### [The problem]
Everything in the listing below must be set down again exactly, apart from the pictures.

### [Data extract]
BEGIN

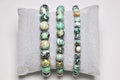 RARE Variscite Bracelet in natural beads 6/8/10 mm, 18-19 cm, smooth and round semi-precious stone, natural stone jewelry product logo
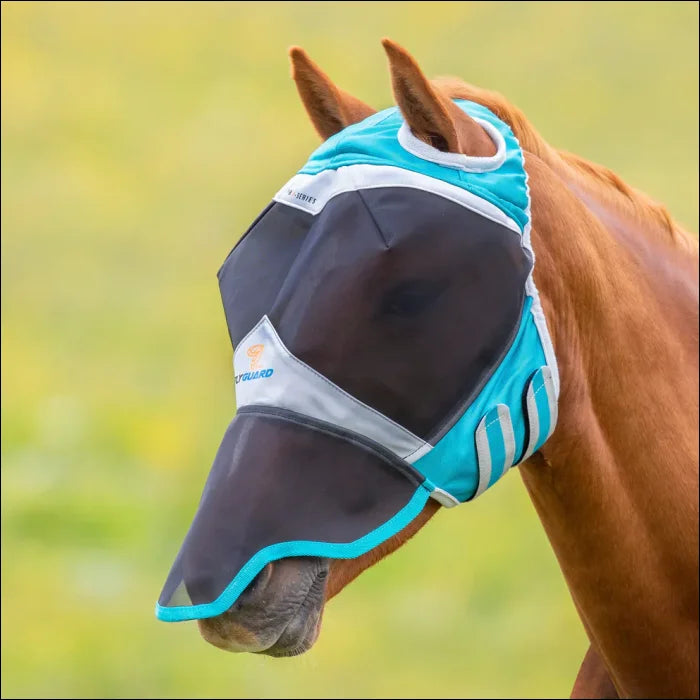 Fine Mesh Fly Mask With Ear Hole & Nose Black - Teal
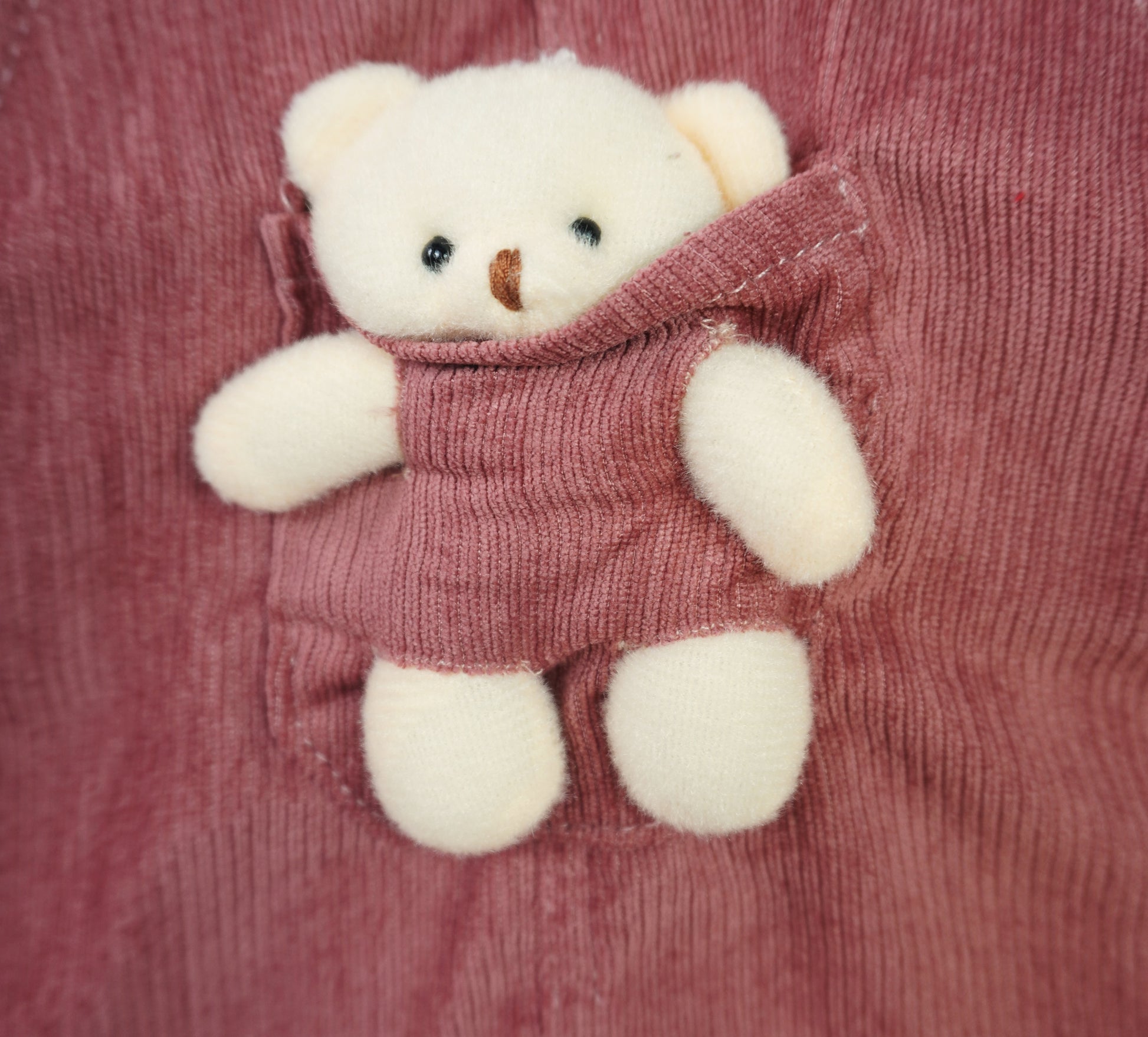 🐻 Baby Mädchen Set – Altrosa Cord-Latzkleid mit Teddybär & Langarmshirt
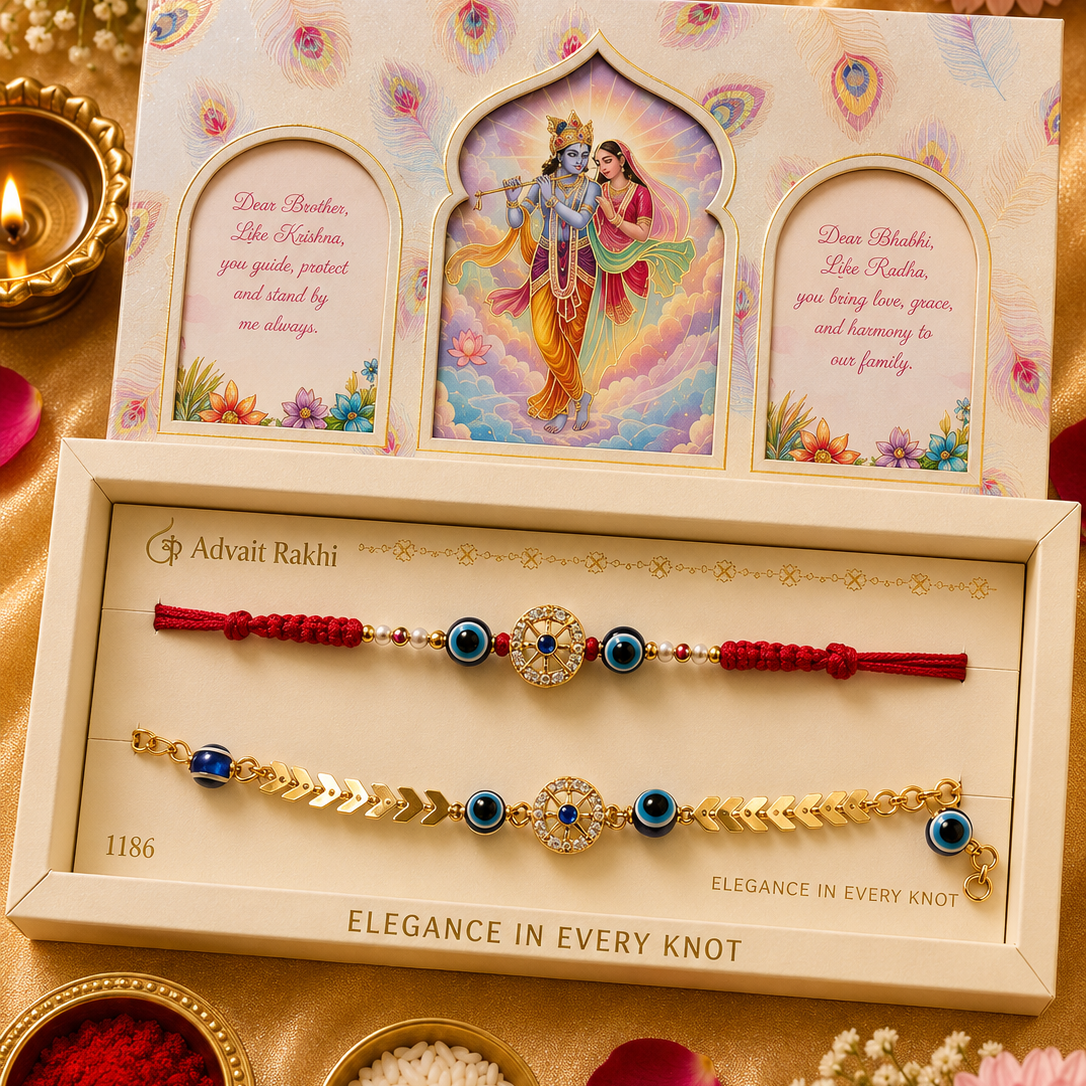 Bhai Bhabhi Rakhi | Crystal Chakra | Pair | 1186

END

### [Result]
 RARE Variscite Bracelet in natural beads 6/8/10 mm, 18-19 cm, smooth and round semi-precious stone, natural stone jewelry product logo
 Fine Mesh Fly Mask With Ear Hole & Nose Black - Teal
 🐻 Baby Mädchen Set – Altrosa Cord-Latzkleid mit Teddybär & Langarmshirt
 Bhai Bhabhi Rakhi | Crystal Chakra | Pair | 1186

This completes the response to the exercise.